Everything get's called from a jump table lookup that ultimately returns to:
Code:
f000:d1e7 2e ff 96 CALL word ptr CS:[BP + 0xd0ee]=>DAT_0000_d1ec Uses the hdd_interrupt_function_
ee d0
f000:d1ec b0 07 MOV AL,0x7
f000:d1ee e6 0a OUT 0xa,AL
f000:d1f0 eb 00 JMP LAB_f000_d1f2
LAB_f000_d1f2 XREF[1]: f000:d1f0(j)
f000:d1f2 ba 23 03 MOV DX,0x323
f000:d1f5 02 16 77 00 ADD DL,byte ptr [offset hdd_unknown] = ??
f000:d1f9 b0 00 MOV AL,0x0
f000:d1fb ee OUT DX,AL
f000:d1fc 2e 8e 1e MOV DS,word ptr CS:[segment_bios_data] = 0040h
de e2
f000:d201 9d POPF
f000:d202 07 POP ES
f000:d203 5d POP BP
f000:d204 5f POP DI
f000:d205 5e POP SI
f000:d206 5a POP DX
f000:d207 59 POP CX
f000:d208 5b POP BX
f000:d209 58 POP AX
f000:d20a 32 e4 XOR AH,AH
f000:d20c 3a 26 74 00 CMP AH,byte ptr [offset hdd_1_status] = ??

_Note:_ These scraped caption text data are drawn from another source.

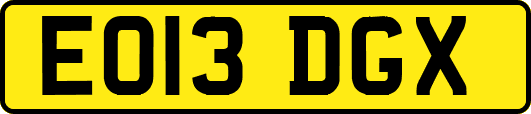 EO13DGX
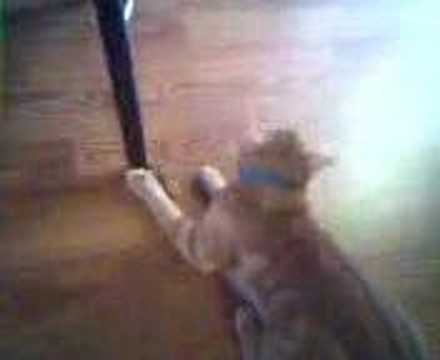cat vs. praying mantis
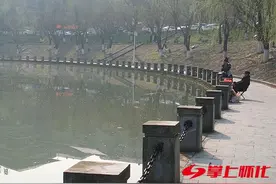 注意啦！鱼虾类活体水生生物不能做钓饵图片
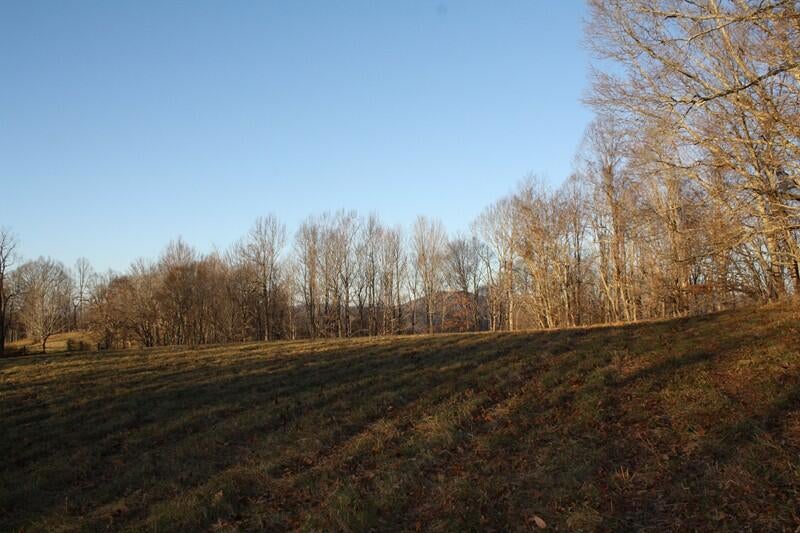 Zion Mountain Road Hinton, WV 25951 - Photo 11 of 73 Gallery Image 11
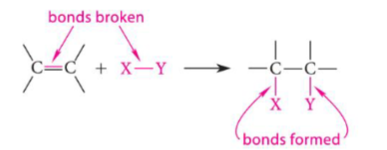 <ul><li><p>carbon-carbon double bond (pi bond) of alkene is broken and X-Y bond of reagent is broken</p></li><li><p>new C-X and C-Y bonds are formed</p></li><li><p>pi electrons and lone pair electrons are nucleophile (Lewis base)</p><ul><li><p>nucleophiles attack partial positive or formally positively charged species (H+)</p></li></ul></li><li><p>in solvent like Br2 (not H2O)</p></li></ul><p></p>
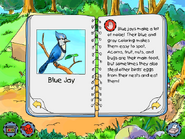 Blue Jay info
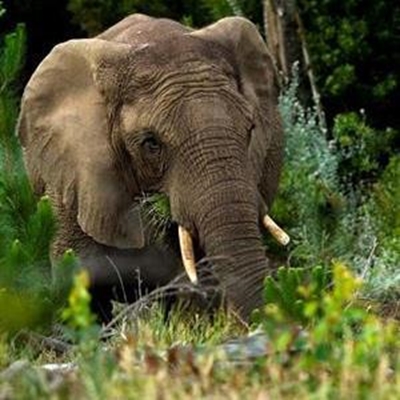 Elephant export permits revoked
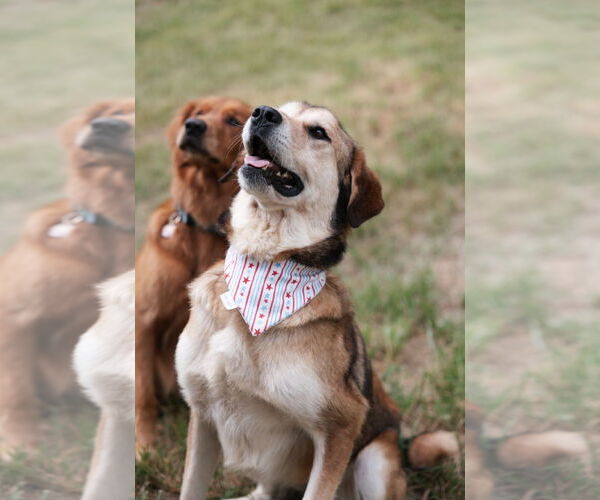 Medium Photo #4 German Shepherd Dog-Great Pyrenees Mix Puppy For Sale in Croydon, NH, USA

f000:d210 8a 26 74 00 MOV AH,byte ptr [offset hdd_1_status] = ??
f000:d214 1f POP DS
f000:d215 ca 02 00 RETF 0x2
So, whatever is causing the failure is tripping something up in the hdd_select_controller logic (my name again) starting at f000:d4e3 in the rom. I haven't had a chance to dig into that and likely won't for a while. I'm also not an expert at 16bit assembly, just a bit of a dabbler.